▶ **Work task**: Copy the listing below letter for letter, passing over each picture.

▶ **Supplied material**:
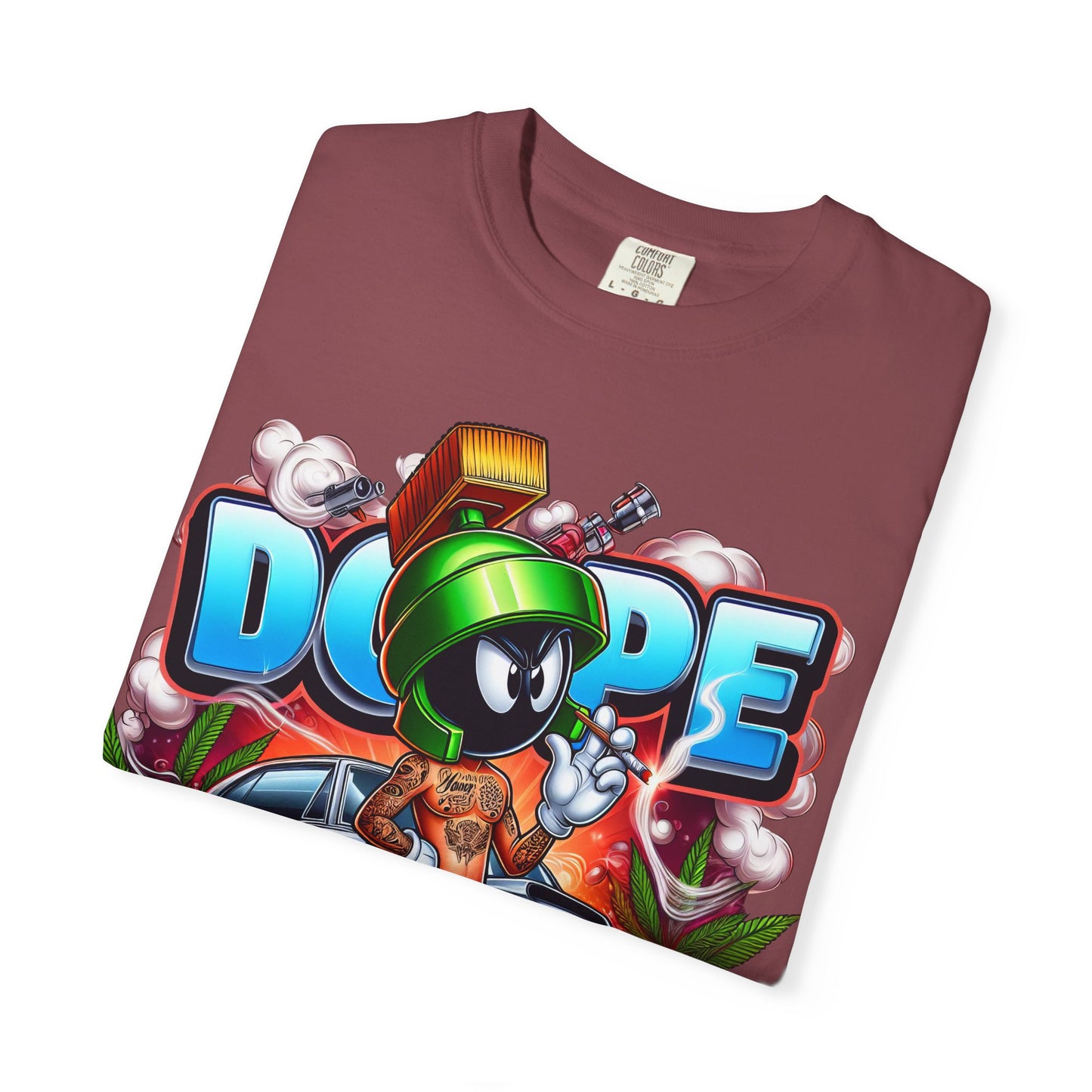 Dope Vibes Unisex Garment-Dyed T-Shirt, Streetwear Tee, Hip-Hop Style Shirt, Casual Fashion Top, Unique Graphic Tee, 420, Cannabis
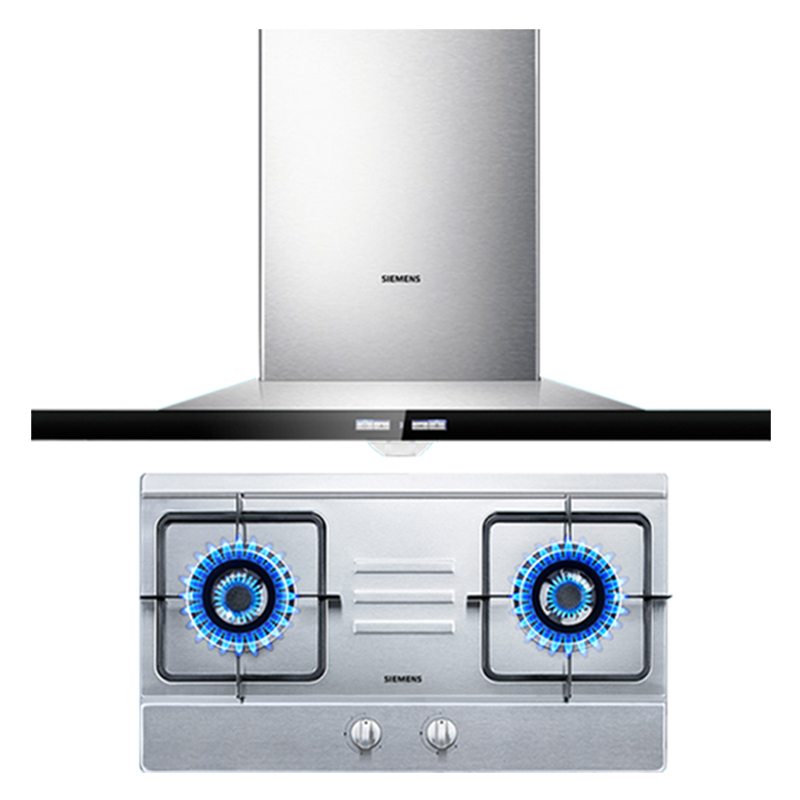 西门子(SIEMENS)欧式按键式抽油烟机烟灶套餐LC43AA923W+ER71257MP 18立方 天然气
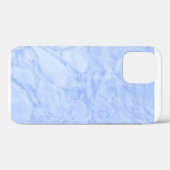 Himmelblauer Marmor Case-Mate iPhone Hülle (Rückseite (Horizontal))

▶ **Solution to this task**:
 Dope Vibes Unisex Garment-Dyed T-Shirt, Streetwear Tee, Hip-Hop Style Shirt, Casual Fashion Top, Unique Graphic Tee, 420, Cannabis
 西门子(SIEMENS)欧式按键式抽油烟机烟灶套餐LC43AA923W+ER71257MP 18立方 天然气
 Himmelblauer Marmor Case-Mate iPhone Hülle (Rückseite (Horizontal))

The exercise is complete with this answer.